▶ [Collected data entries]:

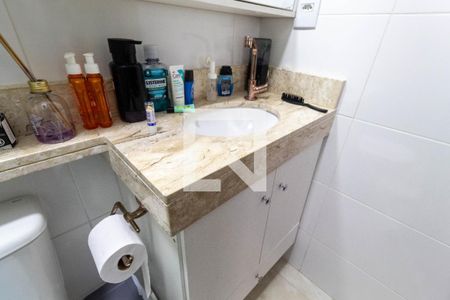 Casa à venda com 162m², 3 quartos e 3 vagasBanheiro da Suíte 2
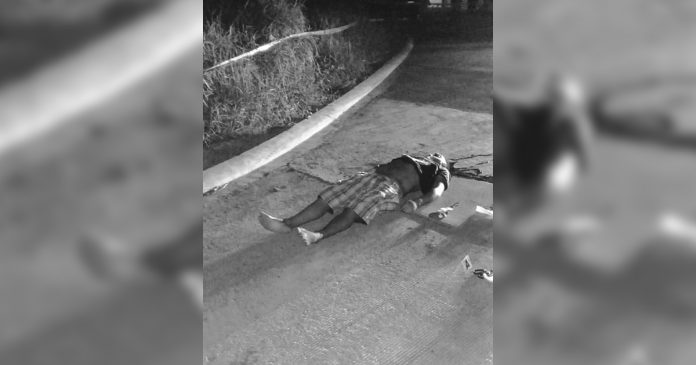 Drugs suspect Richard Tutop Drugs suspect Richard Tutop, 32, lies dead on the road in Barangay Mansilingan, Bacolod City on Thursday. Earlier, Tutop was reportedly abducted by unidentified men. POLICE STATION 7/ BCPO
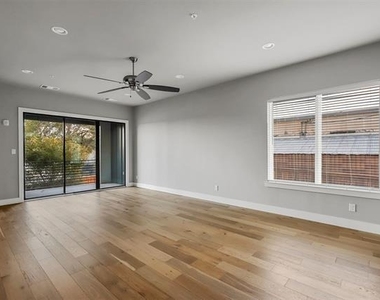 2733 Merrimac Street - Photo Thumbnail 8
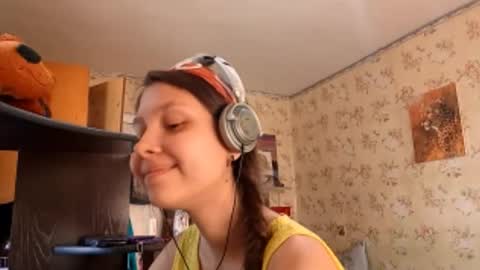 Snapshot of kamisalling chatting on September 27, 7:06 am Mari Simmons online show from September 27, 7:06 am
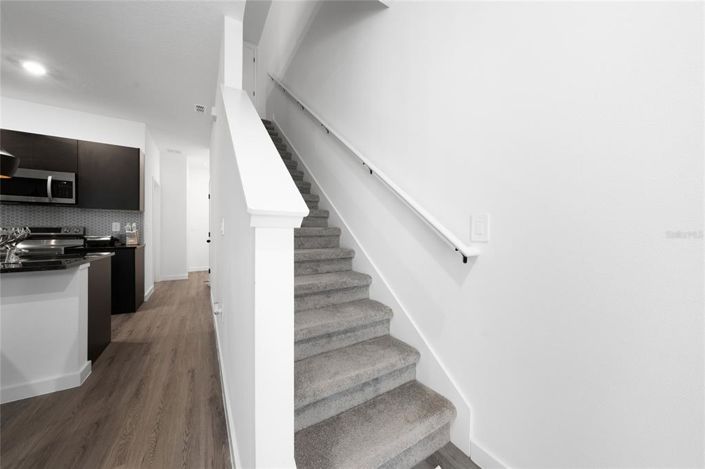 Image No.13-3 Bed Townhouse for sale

▶ [Exercise brief]: Beginning with the line that contains "2733 Merrimac Street - Photo Thumbnail 8" and ending with the final line of the entries, every line must be copied exactly; the pictures must not.

▶ [Solution to this exercise]:
 2733 Merrimac Street - Photo Thumbnail 8
 Snapshot of kamisalling chatting on September 27, 7:06 am Mari Simmons online show from September 27, 7:06 am
 Image No.13-3 Bed Townhouse for sale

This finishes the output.